System administration
Restore instances with error state after live migration failure
Get a list of all servers in error state
openstack server list --all-projects -f csv | grep ERROR
Check server status
openstack server show SERVER_UUID
Reset status to active
nova reset-state --active SERVER_UUID
If the server show command showed that the server is powered of (OS-EXT-STS:power_state Shutdown) Then power the server off.
nova stop SERVER_UUID
Project quota management
Check a projects quota
openstack quota show "SNIC 2017/13-7"
Check default quota
openstack quota show --default
Changing a projects quota
openstack quota set --instances=200 "SNIC 2017/13-7"

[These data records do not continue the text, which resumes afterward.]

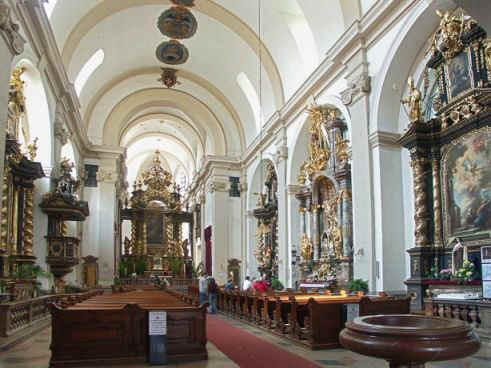 Interior de la Iglesia del Niño Jesús de Praga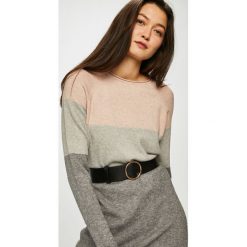 Only - Sukienka. Różowe sukienki damskie ONLY, na co dzień, s, bez wzorów, z poliesteru, casualowe, z okrągłym kołnierzem, z długim rękawem, długie, mini, proste. Za 129,90 zł.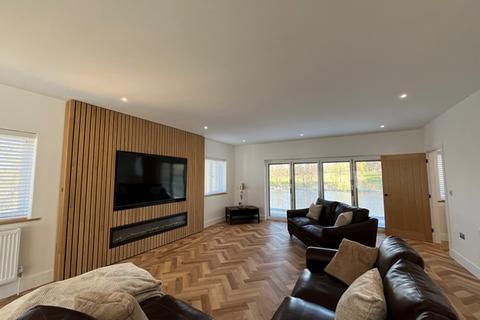2 bedroom lodge to rent, Beautiful Private 2 Bedroom lakeside lodge
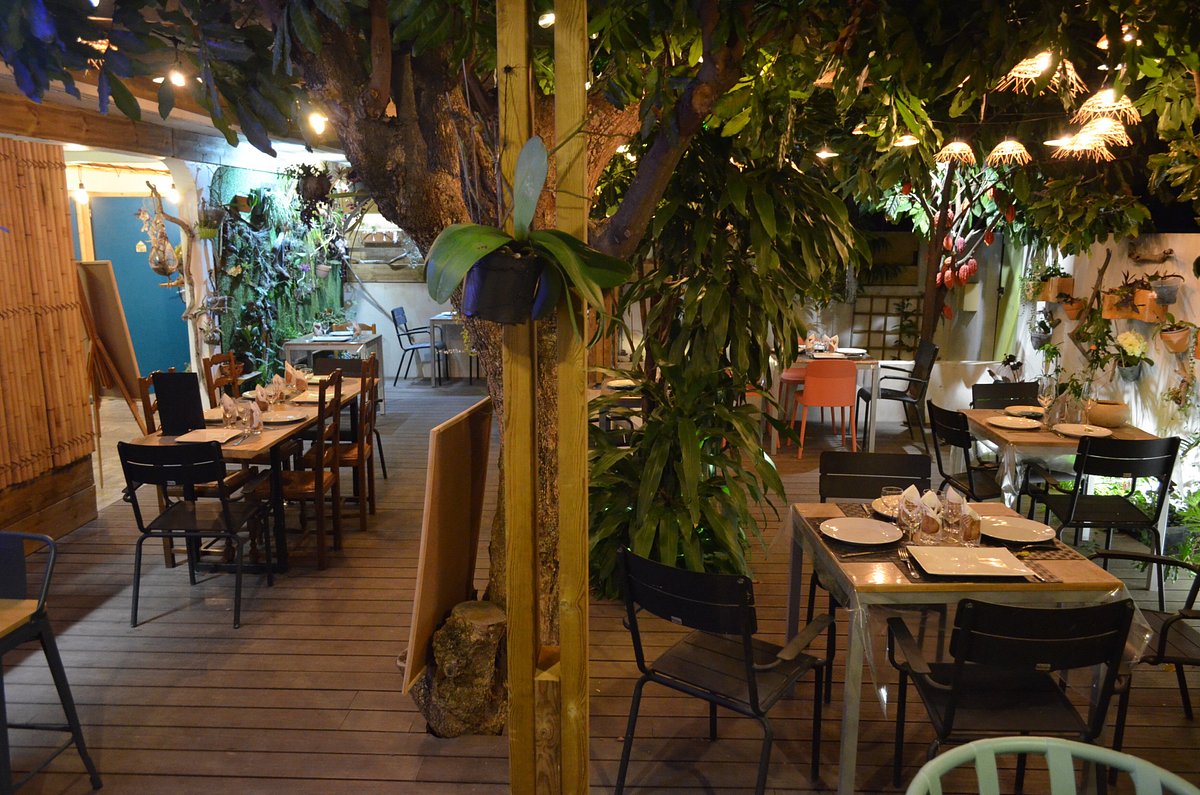 RESTAURANT LES PAILLES EN QUEUES, Saint-Louis - Menu, Prix & Restaurant  Avis - Tripadvisor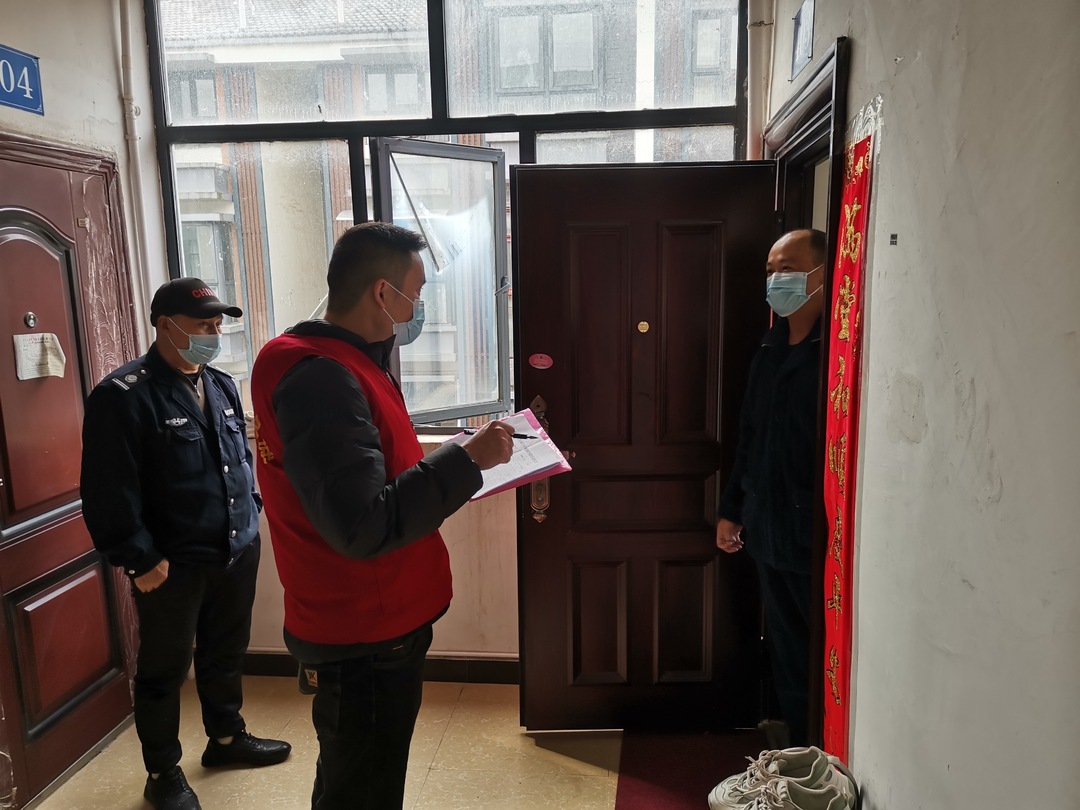 中方人大：听党指挥 冲锋在前 全力以赴阻击疫情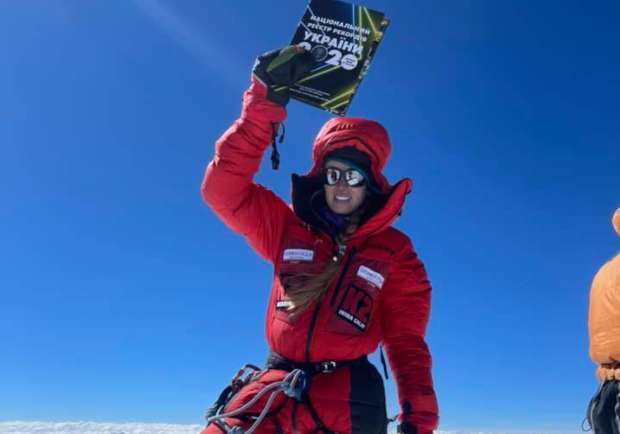 Впервые украинка на вершине Эвереста развенчала миф о мировом альпинизме: подробности Впервые украинка на вершине Эвереста развенчала миф о мировом альпинизме: подробности
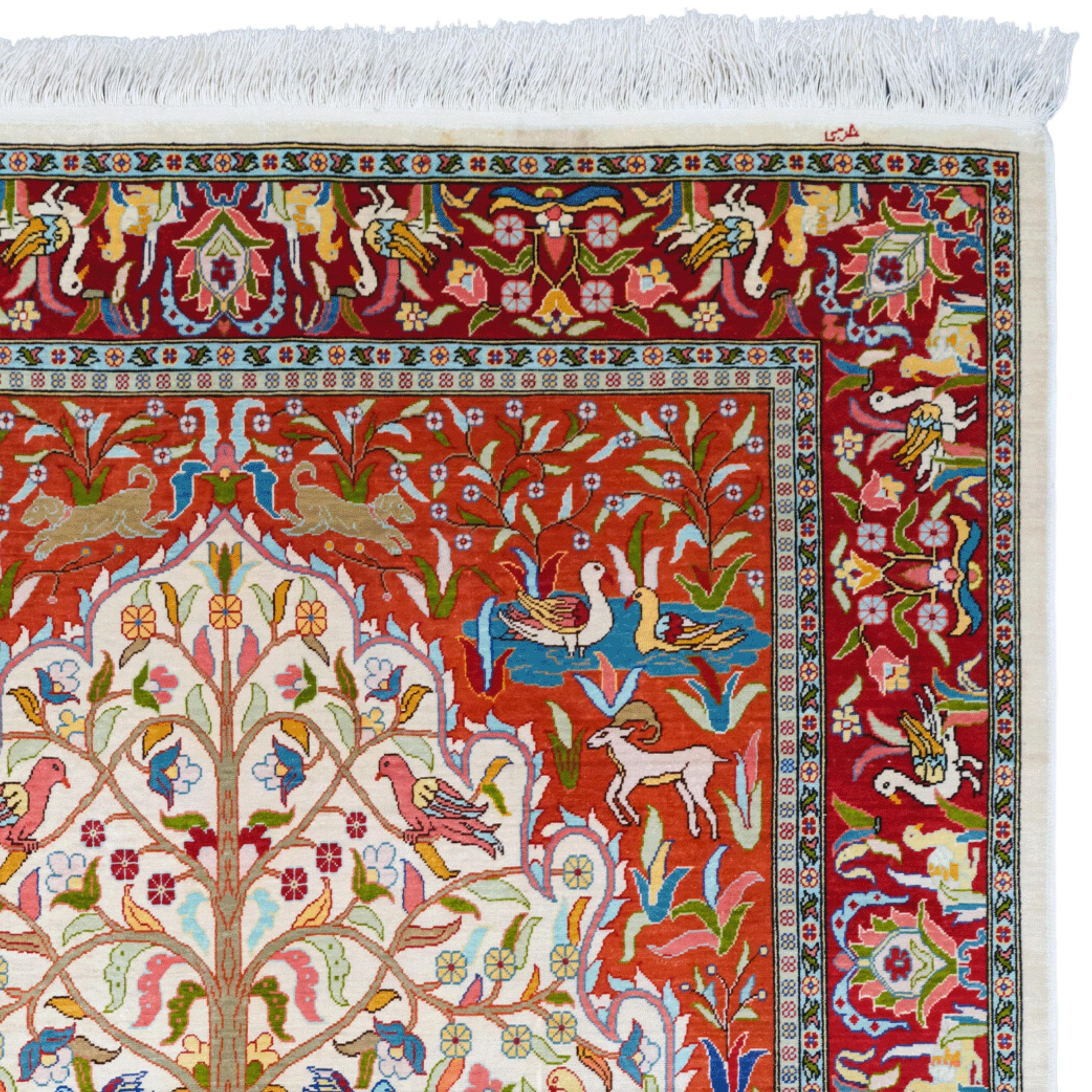 Antique Hereke Rug - 20th Century Silk Hereke Rug, Antique Rug, Silk Rug In Good Condition For Sale In Sultanahmet, 34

Infrastructure OS Patching
Check service health
Check services and mysql
root@utility_container: #
nova service-list
# State should be 'up'
cinder service-list
# State should be 'up'
heat service-list
# Status should be 'up'
neutron agent-list
# Alive should be ':-)'
mysql -e 'show status like "%wsrep_cluster%"'
# Size should be 3 and status should be 'Primary'
Check haproxy
root@controller_host: #
echo "show stat" | nc -U /var/run/haproxy.stat |grep -i down
# You should not see anyting with 'down' state
Controller host
Disable services in haproxy
root@controller_host: #
echo "show stat" | nc -U /var/run/haproxy.stat | \
grep `hostname -s` | cut -d, -f1,2 | tr , / | \
xargs -i -n1 sh -c "echo disable server {} | nc -U /var/run/haproxy.stat"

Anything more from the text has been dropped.